Hughes’ adventure-filled, modern-feeling adaptation channels the novel’s optimism. “Fielding thought this was a marvelous world with marvelous people, and the young men and the young women were marvelous.” One such woman, heiress-next-door and Tom’s true love Sophia Western (Sophie Wilde), defies expectations. Hughes said, “You might think, ‘Oh, she’s going to be pink and fluffy and simple and awful, but she isn’t. She’s fantastically adventurous and feisty and sharp-witted. Sophia knows what she wants and she goes for it.” As for our hero, Hughes said, “Tom is an innocent, a child of nature, just the perfect young lad. He’s 19 years old, so of course he’s a bit of an idiot. Give him time to find his way to the real Tom, the adult Tom who he’s going to be.”
The net result? “It’s full of sunshine.

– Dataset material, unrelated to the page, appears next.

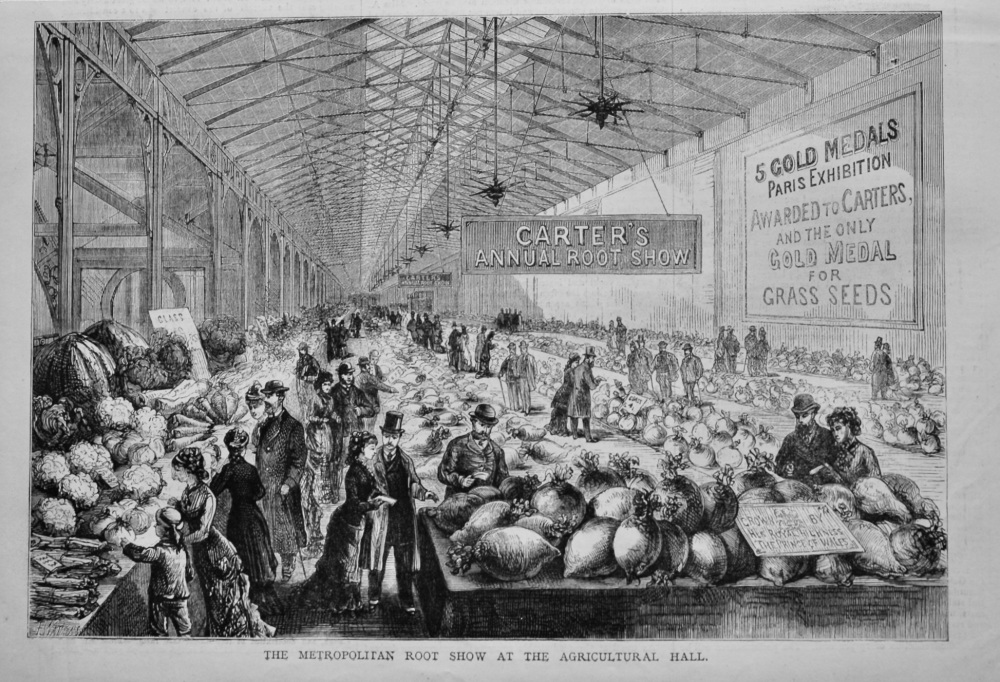 The Metropolitan Root Show at the Agricultural Hall.  1878.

Bad things happen, sad things happen—but not many!—and it’s just massively gorgeous and colorful and romantic.”
- 2.
It's the Original Rom-Com
When she first read Tom Jones, Hughes was surprised to discover that it was perhaps the first ever romantic comedy! According to Hughes, it hits all the classic romantic comedy beats: “There’s a lot of bad timing, where people arrive and see something they don’t understand, and people leave just before something important happens. And people change at different rates, so they fall out of love, fall back in love, at different times and in different places. And there’s a lot of comedic misunderstanding. Because otherwise, you would get there in five minutes, wouldn’t you? There’s got to be these challenges and misunderstandings and temptations to go in other directions.”
- 3.
Tom Jones is Funny
In her adaptation of Tom Jones, Hughes found endless humor in her source material. “It’s sort of wild, and English, and just what you’d be expecting of a great English classic, only jollier somehow, because it’s the 18th century. Some of the humor is quite broad. Henry Fielding was a dramatist, a stage man, so a lot of stuff is staged in a very funny way—pratfalls, people behaving like idiots. But there’s a lot of witty observational comedy as well, about what characters and families are like.”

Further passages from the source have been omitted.